YOUR TASK: Beneath this instruction is a block of data; output from it exactly the lines that run from the one containing "TOOPRE Mountain Bike" through the one containing "Pontiac Sunbird Convertible", inclusive.

= Beginning of Section =

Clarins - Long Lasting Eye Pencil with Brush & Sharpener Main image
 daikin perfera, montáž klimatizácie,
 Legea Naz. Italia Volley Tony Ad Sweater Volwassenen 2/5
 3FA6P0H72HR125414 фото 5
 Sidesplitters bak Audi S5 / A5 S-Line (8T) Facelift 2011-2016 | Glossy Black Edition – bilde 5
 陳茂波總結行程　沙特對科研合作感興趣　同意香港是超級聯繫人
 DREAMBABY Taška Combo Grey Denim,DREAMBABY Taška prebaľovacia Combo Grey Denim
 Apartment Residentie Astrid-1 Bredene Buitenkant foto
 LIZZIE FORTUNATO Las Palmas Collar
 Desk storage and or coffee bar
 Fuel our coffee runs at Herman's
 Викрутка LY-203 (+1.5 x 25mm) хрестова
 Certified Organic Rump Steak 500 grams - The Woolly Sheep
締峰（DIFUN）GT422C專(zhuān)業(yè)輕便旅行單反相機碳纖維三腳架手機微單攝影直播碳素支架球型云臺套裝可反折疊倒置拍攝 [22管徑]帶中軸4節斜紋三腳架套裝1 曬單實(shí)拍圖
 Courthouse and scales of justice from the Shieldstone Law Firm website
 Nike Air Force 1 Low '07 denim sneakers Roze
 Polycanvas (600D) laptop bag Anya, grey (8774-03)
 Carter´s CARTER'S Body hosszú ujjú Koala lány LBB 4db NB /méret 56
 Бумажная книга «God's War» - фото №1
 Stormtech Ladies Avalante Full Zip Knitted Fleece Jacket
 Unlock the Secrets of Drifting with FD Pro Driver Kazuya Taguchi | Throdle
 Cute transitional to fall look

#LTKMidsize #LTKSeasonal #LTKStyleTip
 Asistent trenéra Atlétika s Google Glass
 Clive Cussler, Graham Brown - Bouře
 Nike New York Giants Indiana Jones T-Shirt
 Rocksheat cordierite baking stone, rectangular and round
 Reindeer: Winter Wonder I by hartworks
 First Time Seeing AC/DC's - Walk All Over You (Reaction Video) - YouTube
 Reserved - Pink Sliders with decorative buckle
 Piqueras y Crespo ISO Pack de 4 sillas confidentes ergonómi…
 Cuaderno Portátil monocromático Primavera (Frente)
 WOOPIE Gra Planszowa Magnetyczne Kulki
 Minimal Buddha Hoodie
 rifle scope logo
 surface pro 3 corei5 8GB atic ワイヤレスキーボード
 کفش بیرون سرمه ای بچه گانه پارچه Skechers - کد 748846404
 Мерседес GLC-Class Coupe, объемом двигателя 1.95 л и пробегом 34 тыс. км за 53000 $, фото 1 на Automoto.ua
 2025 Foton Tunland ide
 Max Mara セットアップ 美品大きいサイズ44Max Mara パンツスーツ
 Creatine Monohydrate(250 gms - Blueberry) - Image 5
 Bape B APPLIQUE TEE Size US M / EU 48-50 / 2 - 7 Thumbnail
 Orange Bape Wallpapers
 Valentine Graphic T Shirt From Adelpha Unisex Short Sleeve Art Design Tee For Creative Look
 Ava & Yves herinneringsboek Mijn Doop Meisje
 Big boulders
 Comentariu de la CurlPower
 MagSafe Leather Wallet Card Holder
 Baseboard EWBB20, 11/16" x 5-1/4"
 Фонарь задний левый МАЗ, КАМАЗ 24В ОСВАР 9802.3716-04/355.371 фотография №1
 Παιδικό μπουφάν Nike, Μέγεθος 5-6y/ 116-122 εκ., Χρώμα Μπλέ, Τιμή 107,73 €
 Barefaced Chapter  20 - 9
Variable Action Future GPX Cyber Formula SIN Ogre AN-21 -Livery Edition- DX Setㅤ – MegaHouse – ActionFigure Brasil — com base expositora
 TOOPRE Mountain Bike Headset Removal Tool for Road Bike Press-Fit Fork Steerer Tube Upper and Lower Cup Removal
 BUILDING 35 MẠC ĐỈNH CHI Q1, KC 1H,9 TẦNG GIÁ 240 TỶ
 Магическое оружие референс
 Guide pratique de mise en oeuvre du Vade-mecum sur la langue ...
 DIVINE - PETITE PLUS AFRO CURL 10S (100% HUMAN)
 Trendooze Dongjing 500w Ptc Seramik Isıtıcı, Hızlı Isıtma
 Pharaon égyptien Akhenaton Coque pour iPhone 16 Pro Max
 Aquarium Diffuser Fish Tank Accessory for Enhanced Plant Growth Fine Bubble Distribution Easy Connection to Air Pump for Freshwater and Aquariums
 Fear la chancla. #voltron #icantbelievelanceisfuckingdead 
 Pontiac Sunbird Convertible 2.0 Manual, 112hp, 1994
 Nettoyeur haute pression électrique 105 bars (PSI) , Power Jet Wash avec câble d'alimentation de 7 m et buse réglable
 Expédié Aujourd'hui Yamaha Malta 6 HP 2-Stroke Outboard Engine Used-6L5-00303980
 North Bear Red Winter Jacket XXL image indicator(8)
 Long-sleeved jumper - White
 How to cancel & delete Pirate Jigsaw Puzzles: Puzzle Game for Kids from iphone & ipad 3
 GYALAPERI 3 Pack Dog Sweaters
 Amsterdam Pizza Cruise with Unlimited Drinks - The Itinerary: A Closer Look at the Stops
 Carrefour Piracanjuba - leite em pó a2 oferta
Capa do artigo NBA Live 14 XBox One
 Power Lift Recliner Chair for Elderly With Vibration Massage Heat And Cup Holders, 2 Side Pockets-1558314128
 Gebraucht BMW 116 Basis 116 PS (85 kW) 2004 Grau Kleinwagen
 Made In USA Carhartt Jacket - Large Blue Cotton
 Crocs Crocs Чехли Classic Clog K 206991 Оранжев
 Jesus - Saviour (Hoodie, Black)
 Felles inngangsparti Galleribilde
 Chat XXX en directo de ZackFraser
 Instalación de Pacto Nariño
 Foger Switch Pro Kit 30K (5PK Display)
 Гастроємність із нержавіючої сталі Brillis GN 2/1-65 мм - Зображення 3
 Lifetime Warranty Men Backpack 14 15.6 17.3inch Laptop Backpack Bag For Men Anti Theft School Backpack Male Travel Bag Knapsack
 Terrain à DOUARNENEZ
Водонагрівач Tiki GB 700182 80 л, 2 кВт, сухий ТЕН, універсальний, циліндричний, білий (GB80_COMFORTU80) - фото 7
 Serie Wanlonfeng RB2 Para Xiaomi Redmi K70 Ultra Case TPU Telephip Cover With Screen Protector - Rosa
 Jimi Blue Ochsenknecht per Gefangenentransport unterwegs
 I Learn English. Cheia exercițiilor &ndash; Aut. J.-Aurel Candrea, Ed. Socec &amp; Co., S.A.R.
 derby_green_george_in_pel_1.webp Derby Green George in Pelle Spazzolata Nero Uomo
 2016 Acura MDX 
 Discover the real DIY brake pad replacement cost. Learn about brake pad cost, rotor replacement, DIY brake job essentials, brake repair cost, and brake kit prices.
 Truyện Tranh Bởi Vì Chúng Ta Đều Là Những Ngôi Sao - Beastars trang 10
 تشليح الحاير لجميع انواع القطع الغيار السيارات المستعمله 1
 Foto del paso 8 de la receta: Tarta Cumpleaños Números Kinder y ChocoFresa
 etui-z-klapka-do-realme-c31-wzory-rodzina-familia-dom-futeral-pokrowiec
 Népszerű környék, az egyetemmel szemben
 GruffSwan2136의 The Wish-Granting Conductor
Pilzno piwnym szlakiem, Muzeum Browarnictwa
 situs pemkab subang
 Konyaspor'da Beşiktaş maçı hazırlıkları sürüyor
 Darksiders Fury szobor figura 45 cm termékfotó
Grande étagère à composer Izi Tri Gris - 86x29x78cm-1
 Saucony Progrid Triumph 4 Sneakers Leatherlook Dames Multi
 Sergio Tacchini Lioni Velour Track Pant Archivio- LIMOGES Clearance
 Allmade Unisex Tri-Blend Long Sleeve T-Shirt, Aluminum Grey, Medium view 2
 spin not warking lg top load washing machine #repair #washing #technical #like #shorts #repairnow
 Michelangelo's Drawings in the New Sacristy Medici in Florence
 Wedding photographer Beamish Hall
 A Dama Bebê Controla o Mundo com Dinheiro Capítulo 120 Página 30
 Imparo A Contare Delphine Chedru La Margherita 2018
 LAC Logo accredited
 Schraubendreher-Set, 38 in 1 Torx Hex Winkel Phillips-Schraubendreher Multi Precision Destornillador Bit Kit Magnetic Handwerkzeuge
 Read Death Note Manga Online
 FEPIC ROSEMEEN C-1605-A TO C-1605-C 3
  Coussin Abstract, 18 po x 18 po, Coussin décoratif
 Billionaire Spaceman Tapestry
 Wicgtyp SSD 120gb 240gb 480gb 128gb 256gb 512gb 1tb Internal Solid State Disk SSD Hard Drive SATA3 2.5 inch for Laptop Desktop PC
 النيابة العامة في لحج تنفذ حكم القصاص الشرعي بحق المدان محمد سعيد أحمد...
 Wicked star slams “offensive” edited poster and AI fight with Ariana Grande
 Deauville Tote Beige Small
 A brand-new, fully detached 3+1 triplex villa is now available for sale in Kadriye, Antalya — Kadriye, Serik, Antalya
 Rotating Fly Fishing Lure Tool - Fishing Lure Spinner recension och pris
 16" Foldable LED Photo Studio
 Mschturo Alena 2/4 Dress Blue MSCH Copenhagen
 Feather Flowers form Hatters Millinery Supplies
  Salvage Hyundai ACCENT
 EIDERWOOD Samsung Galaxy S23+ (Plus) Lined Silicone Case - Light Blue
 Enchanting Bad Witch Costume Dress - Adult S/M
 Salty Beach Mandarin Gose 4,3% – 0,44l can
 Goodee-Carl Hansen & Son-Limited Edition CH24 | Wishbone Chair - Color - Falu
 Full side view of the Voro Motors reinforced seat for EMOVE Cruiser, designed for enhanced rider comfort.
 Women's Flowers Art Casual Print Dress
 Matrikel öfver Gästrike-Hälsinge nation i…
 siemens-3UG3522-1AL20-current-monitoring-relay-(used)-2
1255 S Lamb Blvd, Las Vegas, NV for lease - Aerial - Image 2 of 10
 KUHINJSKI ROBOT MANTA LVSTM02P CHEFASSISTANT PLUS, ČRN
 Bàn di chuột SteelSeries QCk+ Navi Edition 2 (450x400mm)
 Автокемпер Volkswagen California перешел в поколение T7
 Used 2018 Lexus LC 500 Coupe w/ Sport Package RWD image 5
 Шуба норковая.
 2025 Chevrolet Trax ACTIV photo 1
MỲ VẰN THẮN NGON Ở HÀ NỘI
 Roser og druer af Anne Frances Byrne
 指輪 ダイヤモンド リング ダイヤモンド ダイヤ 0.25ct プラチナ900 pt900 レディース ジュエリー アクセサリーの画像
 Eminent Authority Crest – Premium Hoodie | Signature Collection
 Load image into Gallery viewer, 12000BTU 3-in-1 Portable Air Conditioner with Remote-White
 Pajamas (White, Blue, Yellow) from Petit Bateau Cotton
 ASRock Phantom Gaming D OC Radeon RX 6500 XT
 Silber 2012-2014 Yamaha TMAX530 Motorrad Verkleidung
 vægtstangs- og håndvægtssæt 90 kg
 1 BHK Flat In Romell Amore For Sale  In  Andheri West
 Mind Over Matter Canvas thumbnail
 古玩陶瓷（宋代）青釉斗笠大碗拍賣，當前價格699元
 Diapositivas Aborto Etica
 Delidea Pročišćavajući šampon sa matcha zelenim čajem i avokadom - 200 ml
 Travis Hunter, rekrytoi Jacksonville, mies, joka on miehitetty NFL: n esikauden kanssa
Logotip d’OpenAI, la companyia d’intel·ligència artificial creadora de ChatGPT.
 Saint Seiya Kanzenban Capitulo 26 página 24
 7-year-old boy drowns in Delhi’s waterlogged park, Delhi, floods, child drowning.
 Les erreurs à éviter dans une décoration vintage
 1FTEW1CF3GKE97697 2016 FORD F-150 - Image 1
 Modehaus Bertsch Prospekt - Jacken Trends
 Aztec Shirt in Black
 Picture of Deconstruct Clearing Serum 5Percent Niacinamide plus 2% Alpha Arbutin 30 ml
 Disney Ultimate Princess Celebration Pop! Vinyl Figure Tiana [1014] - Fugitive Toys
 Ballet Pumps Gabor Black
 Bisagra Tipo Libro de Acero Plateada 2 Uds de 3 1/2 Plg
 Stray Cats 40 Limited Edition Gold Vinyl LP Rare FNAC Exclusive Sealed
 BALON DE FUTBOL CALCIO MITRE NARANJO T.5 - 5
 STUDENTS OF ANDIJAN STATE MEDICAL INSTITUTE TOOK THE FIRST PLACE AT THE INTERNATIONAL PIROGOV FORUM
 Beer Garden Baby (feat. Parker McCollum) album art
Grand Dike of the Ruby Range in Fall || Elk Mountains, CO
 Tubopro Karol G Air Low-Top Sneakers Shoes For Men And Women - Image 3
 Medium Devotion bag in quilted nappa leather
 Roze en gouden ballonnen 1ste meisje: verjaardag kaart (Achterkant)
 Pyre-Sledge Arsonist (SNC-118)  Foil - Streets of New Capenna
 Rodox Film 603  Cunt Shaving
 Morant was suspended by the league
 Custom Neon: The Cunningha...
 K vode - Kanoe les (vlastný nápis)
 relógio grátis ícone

= End of Section =

RESPONSE AREA:
 TOOPRE Mountain Bike Headset Removal Tool for Road Bike Press-Fit Fork Steerer Tube Upper and Lower Cup Removal
 BUILDING 35 MẠC ĐỈNH CHI Q1, KC 1H,9 TẦNG GIÁ 240 TỶ
 Магическое оружие референс
 Guide pratique de mise en oeuvre du Vade-mecum sur la langue ...
 DIVINE - PETITE PLUS AFRO CURL 10S (100% HUMAN)
 Trendooze Dongjing 500w Ptc Seramik Isıtıcı, Hızlı Isıtma
 Pharaon égyptien Akhenaton Coque pour iPhone 16 Pro Max
 Aquarium Diffuser Fish Tank Accessory for Enhanced Plant Growth Fine Bubble Distribution Easy Connection to Air Pump for Freshwater and Aquariums
 Fear la chancla. #voltron #icantbelievelanceisfuckingdead 
 Pontiac Sunbird Convertible 2.0 Manual, 112hp, 1994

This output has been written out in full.